**What you should do:** From the entries below, transcribe exactly the lines between the line holding "住友電の日足チャート(2017年2月)" and the line holding "vanialagartija5's tweet photo.", inclusive; skip all other lines.

**Given entries:**
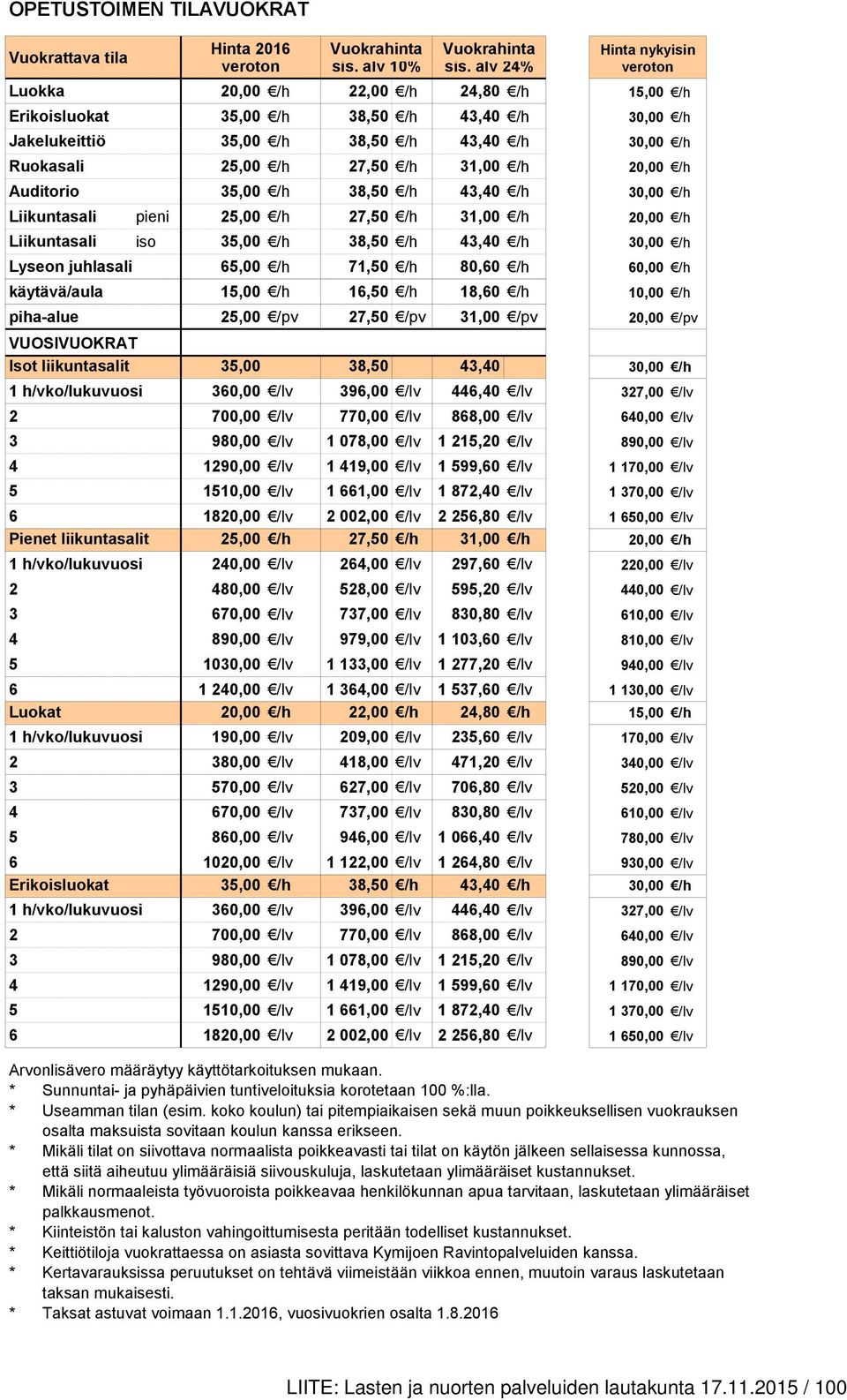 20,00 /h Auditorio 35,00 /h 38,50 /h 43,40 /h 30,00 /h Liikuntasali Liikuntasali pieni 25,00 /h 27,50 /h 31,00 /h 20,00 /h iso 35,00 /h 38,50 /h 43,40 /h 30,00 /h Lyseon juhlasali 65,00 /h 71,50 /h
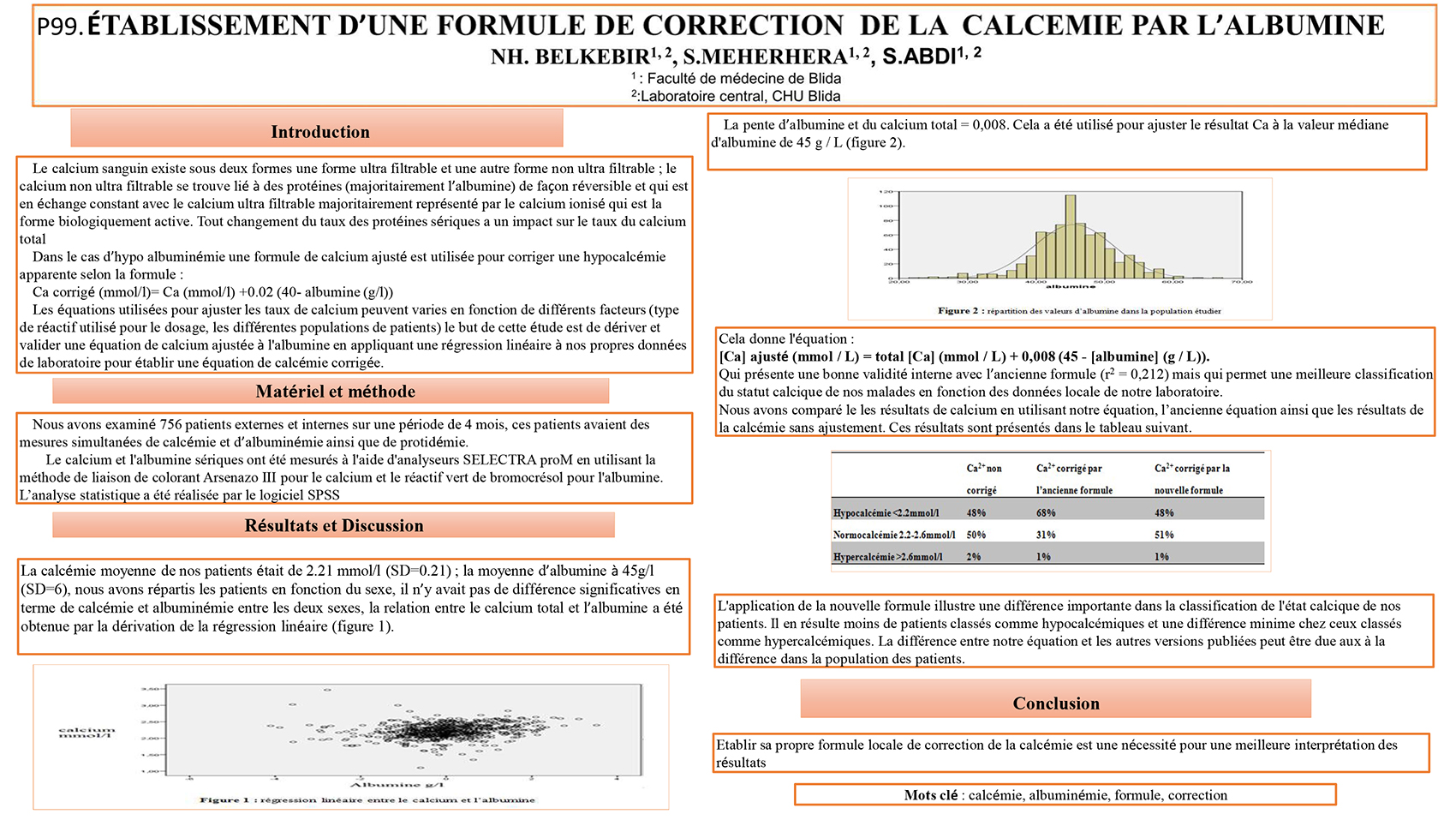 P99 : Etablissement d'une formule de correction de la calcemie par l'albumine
* * *
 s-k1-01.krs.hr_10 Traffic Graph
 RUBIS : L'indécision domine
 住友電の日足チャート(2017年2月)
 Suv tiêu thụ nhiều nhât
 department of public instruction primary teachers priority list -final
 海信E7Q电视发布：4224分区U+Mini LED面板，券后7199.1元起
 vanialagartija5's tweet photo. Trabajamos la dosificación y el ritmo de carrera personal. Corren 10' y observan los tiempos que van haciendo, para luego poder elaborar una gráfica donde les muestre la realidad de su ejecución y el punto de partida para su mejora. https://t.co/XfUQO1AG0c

**Final answer:**
 住友電の日足チャート(2017年2月)
 Suv tiêu thụ nhiều nhât
 department of public instruction primary teachers priority list -final
 海信E7Q电视发布：4224分区U+Mini LED面板，券后7199.1元起
 vanialagartija5's tweet photo. Trabajamos la dosificación y el ritmo de carrera personal. Corren 10' y observan los tiempos que van haciendo, para luego poder elaborar una gráfica donde les muestre la realidad de su ejecución y el punto de partida para su mejora. https://t.co/XfUQO1AG0c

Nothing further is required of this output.